Rats were injected simultaneously (final volume: 0.5 ml ip) with vehicle plus vehicle (0.15 M NaCl + 0.15 M NaCl, n = 20), ghrelin plus vehicle (13 μg/kg + 0.15 M NaCl, n = 20), vehicle plus bombesin [0.15 M NaCl + 4 (n = 15) or 8 (n = 15) μg/kg], or ghrelin plus bombesin [13 μg/kg + 4 (n = 15) or 8 (n = 15) μg/kg] and returned to single housing cages immediately after the injection. Thereafter, preweighed rat chow was made available to the animals. Food intake was determined by measuring the difference between the preweighed standard chow and the weight of chow at the end of the first 30-min, 1-h, and 2-h periods of food exposure.
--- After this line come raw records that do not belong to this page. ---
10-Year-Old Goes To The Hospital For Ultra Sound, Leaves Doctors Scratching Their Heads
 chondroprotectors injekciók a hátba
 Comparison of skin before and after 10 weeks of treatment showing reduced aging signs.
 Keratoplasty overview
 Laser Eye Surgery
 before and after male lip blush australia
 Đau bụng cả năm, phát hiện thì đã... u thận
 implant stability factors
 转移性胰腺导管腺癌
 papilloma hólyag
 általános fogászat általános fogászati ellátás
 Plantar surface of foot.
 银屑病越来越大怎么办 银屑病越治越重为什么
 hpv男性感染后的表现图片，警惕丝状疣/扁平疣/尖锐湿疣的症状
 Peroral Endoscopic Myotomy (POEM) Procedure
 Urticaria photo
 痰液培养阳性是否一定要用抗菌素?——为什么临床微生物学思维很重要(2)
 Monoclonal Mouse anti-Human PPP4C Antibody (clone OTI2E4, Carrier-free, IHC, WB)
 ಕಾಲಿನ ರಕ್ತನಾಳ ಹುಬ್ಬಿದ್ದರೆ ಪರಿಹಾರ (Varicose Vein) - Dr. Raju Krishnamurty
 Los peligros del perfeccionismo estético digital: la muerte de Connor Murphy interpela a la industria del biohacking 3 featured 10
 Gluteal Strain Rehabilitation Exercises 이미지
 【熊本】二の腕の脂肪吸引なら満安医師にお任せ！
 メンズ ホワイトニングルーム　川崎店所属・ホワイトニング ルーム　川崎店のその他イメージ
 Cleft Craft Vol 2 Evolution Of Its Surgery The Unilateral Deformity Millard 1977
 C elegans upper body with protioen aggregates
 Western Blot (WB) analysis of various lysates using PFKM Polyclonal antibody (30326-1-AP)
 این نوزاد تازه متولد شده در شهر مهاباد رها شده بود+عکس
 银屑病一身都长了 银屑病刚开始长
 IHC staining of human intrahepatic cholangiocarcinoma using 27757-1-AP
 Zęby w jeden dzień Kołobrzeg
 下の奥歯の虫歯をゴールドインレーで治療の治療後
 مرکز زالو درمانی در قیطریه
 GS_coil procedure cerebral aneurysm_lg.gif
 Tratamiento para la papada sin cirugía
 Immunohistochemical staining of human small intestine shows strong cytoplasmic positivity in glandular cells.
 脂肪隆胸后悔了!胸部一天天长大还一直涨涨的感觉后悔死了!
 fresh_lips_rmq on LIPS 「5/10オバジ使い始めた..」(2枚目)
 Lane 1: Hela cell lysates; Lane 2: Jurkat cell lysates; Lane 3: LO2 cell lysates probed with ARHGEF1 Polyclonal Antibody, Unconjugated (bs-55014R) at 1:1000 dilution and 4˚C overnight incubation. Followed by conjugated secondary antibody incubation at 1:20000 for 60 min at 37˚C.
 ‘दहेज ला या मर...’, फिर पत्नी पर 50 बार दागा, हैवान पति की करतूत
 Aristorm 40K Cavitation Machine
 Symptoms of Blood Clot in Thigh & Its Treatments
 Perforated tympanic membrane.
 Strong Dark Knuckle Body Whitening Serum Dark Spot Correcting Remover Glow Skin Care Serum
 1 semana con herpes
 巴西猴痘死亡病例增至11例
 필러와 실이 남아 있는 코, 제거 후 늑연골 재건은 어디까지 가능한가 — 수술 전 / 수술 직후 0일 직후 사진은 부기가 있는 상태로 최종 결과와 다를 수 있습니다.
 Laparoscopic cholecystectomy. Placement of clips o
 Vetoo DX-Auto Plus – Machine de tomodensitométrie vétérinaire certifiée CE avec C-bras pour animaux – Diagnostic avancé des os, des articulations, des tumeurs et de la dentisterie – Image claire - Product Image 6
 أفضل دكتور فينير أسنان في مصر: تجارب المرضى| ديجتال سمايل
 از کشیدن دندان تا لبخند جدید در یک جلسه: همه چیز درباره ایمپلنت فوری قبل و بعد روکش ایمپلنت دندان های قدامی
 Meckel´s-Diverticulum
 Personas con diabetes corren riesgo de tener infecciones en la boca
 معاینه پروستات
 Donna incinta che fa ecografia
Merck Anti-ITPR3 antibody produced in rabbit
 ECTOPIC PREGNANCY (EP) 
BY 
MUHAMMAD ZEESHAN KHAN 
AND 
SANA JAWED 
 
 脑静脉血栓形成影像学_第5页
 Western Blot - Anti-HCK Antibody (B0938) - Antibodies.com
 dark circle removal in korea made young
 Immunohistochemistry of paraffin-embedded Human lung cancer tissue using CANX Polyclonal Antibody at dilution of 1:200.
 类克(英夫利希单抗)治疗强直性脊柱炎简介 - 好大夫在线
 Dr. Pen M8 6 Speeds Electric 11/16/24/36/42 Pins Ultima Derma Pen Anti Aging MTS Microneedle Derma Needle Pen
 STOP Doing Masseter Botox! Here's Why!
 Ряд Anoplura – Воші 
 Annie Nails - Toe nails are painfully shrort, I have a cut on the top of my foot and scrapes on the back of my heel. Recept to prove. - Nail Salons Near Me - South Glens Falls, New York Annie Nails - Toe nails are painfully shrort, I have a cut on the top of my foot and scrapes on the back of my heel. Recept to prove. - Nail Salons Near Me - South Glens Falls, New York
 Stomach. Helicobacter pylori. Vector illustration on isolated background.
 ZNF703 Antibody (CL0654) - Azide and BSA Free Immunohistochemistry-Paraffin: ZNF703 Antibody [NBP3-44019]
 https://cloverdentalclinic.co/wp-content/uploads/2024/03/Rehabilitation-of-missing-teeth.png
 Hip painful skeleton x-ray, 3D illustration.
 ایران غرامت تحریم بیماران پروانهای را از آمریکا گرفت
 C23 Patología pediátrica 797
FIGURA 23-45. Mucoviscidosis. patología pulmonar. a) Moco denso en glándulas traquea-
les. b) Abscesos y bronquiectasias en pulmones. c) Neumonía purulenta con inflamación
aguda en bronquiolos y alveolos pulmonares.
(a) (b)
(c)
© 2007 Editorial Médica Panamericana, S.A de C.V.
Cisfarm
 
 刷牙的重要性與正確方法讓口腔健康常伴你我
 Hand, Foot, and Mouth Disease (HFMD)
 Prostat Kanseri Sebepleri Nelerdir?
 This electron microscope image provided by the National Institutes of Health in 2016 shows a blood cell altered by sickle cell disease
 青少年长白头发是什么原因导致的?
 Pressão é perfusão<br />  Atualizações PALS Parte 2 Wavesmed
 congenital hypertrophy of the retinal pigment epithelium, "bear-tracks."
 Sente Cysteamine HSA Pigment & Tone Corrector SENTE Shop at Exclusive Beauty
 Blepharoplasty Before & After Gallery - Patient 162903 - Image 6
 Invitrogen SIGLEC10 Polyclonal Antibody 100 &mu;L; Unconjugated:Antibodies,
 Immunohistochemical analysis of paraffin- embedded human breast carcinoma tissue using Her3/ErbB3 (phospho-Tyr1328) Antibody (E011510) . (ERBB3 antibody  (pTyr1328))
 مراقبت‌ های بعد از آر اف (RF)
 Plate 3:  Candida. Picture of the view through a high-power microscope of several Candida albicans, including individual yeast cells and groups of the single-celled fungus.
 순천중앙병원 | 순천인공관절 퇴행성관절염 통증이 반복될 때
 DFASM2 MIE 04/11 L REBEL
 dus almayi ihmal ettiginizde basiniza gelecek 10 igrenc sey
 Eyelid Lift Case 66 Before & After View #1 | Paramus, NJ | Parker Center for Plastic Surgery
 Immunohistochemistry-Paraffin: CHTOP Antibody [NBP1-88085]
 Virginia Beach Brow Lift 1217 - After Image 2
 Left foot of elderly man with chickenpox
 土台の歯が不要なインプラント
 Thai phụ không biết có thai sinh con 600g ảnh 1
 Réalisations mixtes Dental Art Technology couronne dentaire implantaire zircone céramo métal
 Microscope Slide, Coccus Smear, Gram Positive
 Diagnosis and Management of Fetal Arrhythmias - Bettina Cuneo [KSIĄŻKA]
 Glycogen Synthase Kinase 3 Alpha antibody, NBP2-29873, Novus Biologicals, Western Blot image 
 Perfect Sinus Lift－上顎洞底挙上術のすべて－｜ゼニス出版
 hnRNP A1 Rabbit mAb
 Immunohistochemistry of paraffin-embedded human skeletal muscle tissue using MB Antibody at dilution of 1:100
Doses of peptides selected were based on previous studies (30, 42).
Effects of ghrelin and amylin injected intraperitoneally singly or in combination on food intake.
The experimental protocol was performed as described in the first experiment. Freely fed rats were simultaneously injected intraperitoneally (final volume: 0.5 ml) with vehicle plus vehicle (0.15 M NaCl + 0.15 M NaCl, n = 10), ghrelin plus vehicle (13 μg/kg + 0.15 M NaCl, n = 10), vehicle plus amylin [0.15 M NaCl + 1 (n = 10) or 5 (n = 10) μg/kg], or ghrelin plus amylin [13 μg/kg + 1 (n = 10) or 5 (n = 10) μg/kg] and returned to single housing cages immediately after the injection. Thereafter, preweighed rat chow was made available to the animals. Food intake was determined by measuring the difference between the preweighed standard chow and the weight of chow at the end of the first 30 min, 1 h, and 2 h of food exposure. Doses of amylin were based on previous studies (35, 36, 40).
Effect of 5 μg amylin on food intake injected intraperitoneally at the beginning of the dark phase.
This control experiment was done to demonstrate the positive action of 5 μg amylin/kg ip to reduce food intake in freely fed rats under standard experimental conditions. Freely fed rats were injected intraperitoneally (final volume: 0.5 ml) with 5 μg amylin/kg (n = 9) or with vehicle solution (0.15 M NaCl, n = 9) 10 min before the dark phase started. Immediately after the injection, animals were returned to single housing cages. Thereafter, preweighed rat chow was made available to the animals. Food intake was determined by measuring the difference between the preweighed standard chow and the weight of chow at the end of the first 30 min and 1 h food exposure.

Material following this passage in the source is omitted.